The Magazine answers...

Man using telephone
'Err... No, I mean yes...'
Britain's largest local authority, Birmingham Council, is to install a telephone lie detection system in an effort to combat benefit cheats. So how will it work?

Software that scans speech patterns is being trialled for weeding out benefit cheats.

In the first three months of a pilot scheme in Harrow, north London, that began in May, 173 housing benefit and council fraudsters were exposed, saving the council 110,000.

This success has led to Birmingham, the UK's largest local authority, being picked as the next council to use the technology, which is known as Voice Risk Analysis (VRA).

VRA is used only in conjunction with questioning by call operators who have been trained to detect deception, says a spokesman for the Capita Group, which owns the technology.

They detect inaudible fluctuations in the human voice, consistent with stress brought about by lying
It works by measuring "micro-changes" to the frequency of the human voice and relaying to the operator, in real time, the level of risk that the speaker is being deceptive.

At the start of the conversation, the software takes the caller's normal voice as the benchmark and accounts for the possibility that changes may be caused by nerves.

"Just because someone gets stressed or uncertain about something does not mean they will be classed as high risk," says the spokesman.


If the caller is deemed by the operator to be low risk, using the test results to support their own judgement, they are fast-tracked and avoid more rigorous vetting.

Those deemed to be at higher risk of lying must supply further evidence to support their claim.

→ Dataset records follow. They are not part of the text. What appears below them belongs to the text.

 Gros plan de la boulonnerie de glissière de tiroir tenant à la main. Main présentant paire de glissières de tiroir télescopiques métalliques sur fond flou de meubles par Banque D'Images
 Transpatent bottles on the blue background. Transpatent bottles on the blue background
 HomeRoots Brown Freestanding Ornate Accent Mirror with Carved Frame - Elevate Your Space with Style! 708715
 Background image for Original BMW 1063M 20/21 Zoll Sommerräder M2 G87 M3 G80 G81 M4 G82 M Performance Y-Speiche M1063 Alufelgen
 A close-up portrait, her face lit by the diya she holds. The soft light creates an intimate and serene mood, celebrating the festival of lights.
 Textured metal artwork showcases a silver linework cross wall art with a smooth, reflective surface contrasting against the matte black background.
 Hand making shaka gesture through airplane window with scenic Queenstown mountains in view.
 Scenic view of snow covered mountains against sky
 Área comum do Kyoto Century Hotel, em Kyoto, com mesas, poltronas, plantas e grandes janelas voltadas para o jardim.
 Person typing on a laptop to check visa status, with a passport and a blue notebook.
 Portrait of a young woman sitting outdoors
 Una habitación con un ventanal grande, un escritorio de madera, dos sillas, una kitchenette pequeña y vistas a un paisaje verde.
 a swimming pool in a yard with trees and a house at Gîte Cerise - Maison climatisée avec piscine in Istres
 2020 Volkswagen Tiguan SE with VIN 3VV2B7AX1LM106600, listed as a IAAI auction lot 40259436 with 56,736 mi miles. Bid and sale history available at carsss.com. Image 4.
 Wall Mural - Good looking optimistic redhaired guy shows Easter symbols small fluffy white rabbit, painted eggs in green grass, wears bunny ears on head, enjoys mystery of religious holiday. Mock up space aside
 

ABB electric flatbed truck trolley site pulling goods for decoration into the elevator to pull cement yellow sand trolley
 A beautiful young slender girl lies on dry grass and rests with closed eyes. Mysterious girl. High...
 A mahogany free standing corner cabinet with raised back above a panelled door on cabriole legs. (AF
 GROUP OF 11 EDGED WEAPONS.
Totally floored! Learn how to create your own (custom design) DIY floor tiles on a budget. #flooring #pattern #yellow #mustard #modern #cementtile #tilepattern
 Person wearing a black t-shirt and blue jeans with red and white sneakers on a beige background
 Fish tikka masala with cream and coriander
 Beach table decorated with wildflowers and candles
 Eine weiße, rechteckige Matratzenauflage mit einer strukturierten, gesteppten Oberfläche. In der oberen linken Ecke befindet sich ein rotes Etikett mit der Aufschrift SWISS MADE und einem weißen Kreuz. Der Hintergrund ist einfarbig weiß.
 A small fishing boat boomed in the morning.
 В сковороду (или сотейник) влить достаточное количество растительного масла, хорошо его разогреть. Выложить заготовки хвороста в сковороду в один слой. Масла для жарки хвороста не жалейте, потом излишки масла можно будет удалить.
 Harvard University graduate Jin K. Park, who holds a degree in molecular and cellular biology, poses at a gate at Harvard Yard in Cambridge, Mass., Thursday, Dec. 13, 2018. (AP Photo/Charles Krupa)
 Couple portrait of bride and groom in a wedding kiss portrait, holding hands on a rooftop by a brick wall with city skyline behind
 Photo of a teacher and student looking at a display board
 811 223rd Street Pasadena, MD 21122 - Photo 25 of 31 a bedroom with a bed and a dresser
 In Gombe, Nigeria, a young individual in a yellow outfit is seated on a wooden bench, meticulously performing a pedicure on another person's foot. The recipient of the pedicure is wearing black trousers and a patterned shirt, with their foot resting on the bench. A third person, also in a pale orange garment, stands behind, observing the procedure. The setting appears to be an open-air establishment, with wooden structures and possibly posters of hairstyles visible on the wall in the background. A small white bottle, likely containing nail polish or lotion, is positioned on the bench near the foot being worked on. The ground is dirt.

There's no way you can tell from a single telephone call whether someone is lying
Bruce Burgess
Polygraph expert
A spokeswoman for the Department of Work and Pensions, which is partly funding the trials, says: "The vast majority of people who receive benefits are genuinely entitled to them.

"However, there is a minority who are intent on stealing money from those who need it most.

"This technology-based process aims to tackle these fraudsters while speeding up claims and improving customer service for the honest majority."

It is already used in the insurance industry as one of many fraud detection techniques, although representatives for the industry say it is deployed sparingly.

"They are used in exceptional circumstances, not routinely," says a spokesman for the Association of British Insurers. "Only a handful of insurers would use them and only when there are strong grounds to suspect fraud, and as part of a whole package of fraud protection measures."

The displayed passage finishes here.